Plaintiff does not dispute that Reeves, not Great Northern or HECO, manufactured and sold the tar lugger at issue. (Doc. 178 at 6). However, Plaintiff contends that Great Northern and HECO are liable as successors to Reeves. Id. at 7-8. The general rule under New Mexico law is that a successor corporation does not automatically acquire the liabilities or obligations of the transferor corporation. Garcia v. Coe Mfg. Co., 1997-NMSC-013, ¶ 11, 933 P.2d 243. Four traditional exceptions to this rule exist where: (1) there is an agreement to assume those obligations; (2) the transfer results in a consolidation or merger; (3) there is a continuation of the transferor corporation; or (4) the transfer is made for the purpose of fraudulently avoiding liability. Id., ¶ 12. Additionally, New Mexico recognizes the "product line" exception to the rule of successor non-liability. Id., ¶¶ 13, 21.

1. De Facto Merger

Plaintiff does not contend that any of the four traditional exceptions to the rule of successor non-liability apply in this case. Instead, Plaintiff contends that Great Northern and HECO are liable as successors under the de facto merger and product line exceptions. (Doc. 178 at 8-22). The de facto merger exception is different from the traditional merger exception because the traditional exception applies where there is an explicit merger, but "[a] de facto merger occurs when a transaction, although not in form a merger, is in substance a consolidation of seller and purchaser." Cargo Partner AG v. Albatrans, Inc., 342 F.3d 41, 45 (2nd Cir. 2003). Courts have explained that the de facto merger exception is different from the traditional merger exception because it is based in equity and is designed to look behind the contract. See, e.g., Berg Chilling Systems, Inc. v. Hull Corp., 435 F.3d 455, 465 (3rd Cir. 2006).

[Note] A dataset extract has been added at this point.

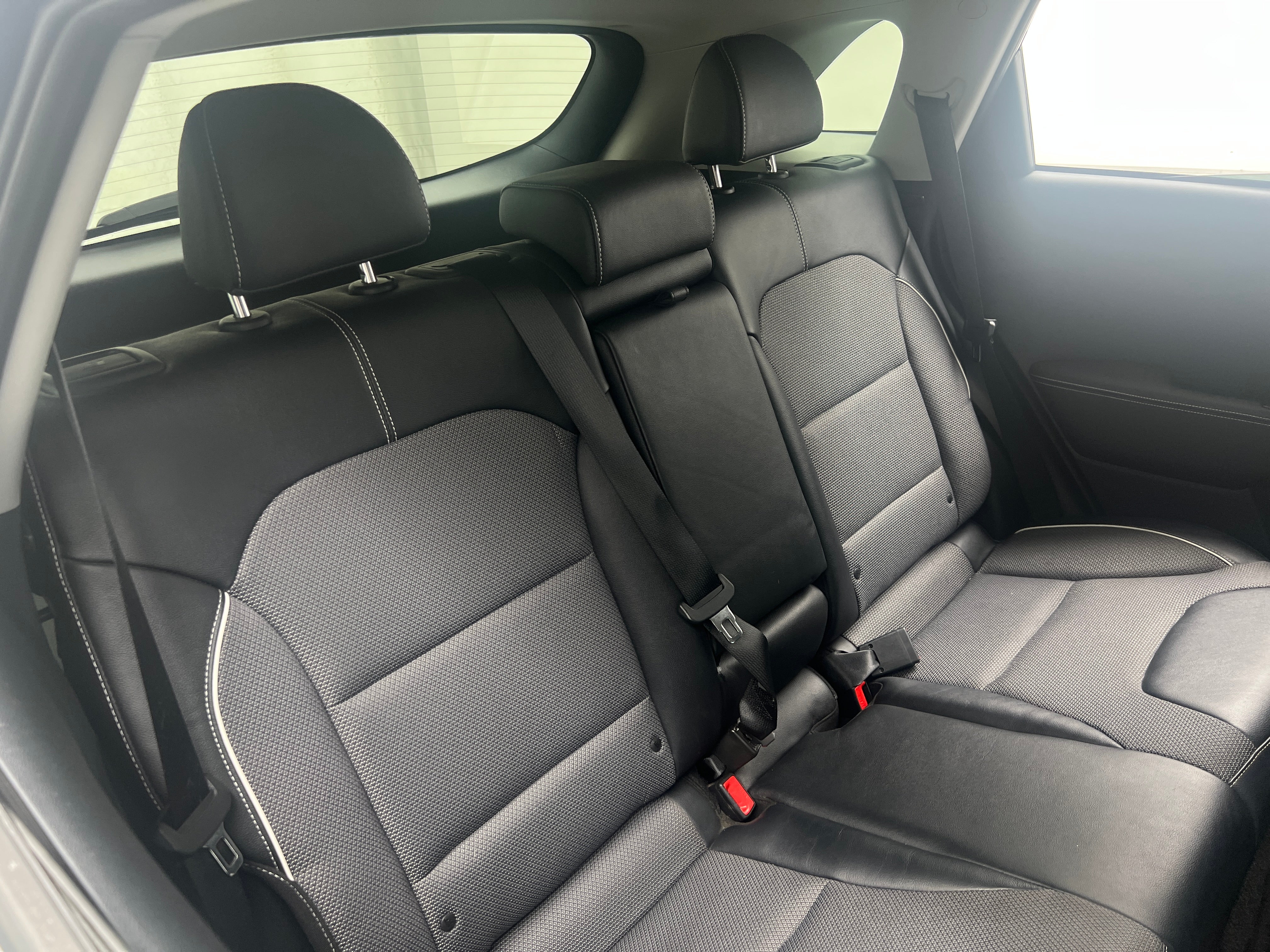 Used 2020 Kia Niro EX with VIN KNDCC3LG3L5072896 for sale in Oak Creek, WI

New Mexico has not explicitly recognized de facto merger as one of the exceptions to the general rule that a successor does not acquire the liabilities or obligations of the transferor corporation. See generally, Garcia, 1997-NMSC-013, ¶¶ 12-13, 21 (setting forth the exceptions to successor non-liability recognized by New Mexico). Nevertheless, the factors used to determine de facto merger are similar to the factors used to determine the third traditional exception to the rule of successor non-liability—continuation of the corporation—which is recognized in New Mexico. See Berg, 435 F.3d at 468 (treating the de facto merger and continuation exceptions identically, stating "[t]he de facto merger exception is similar to the continuation exception, save that the latter focuses on situations in which the purchaser is merely a restructured or reorganized form of the seller"). Therefore, the Court will consider whether the facts of this case satisfy the de facto merger or continuation exceptions.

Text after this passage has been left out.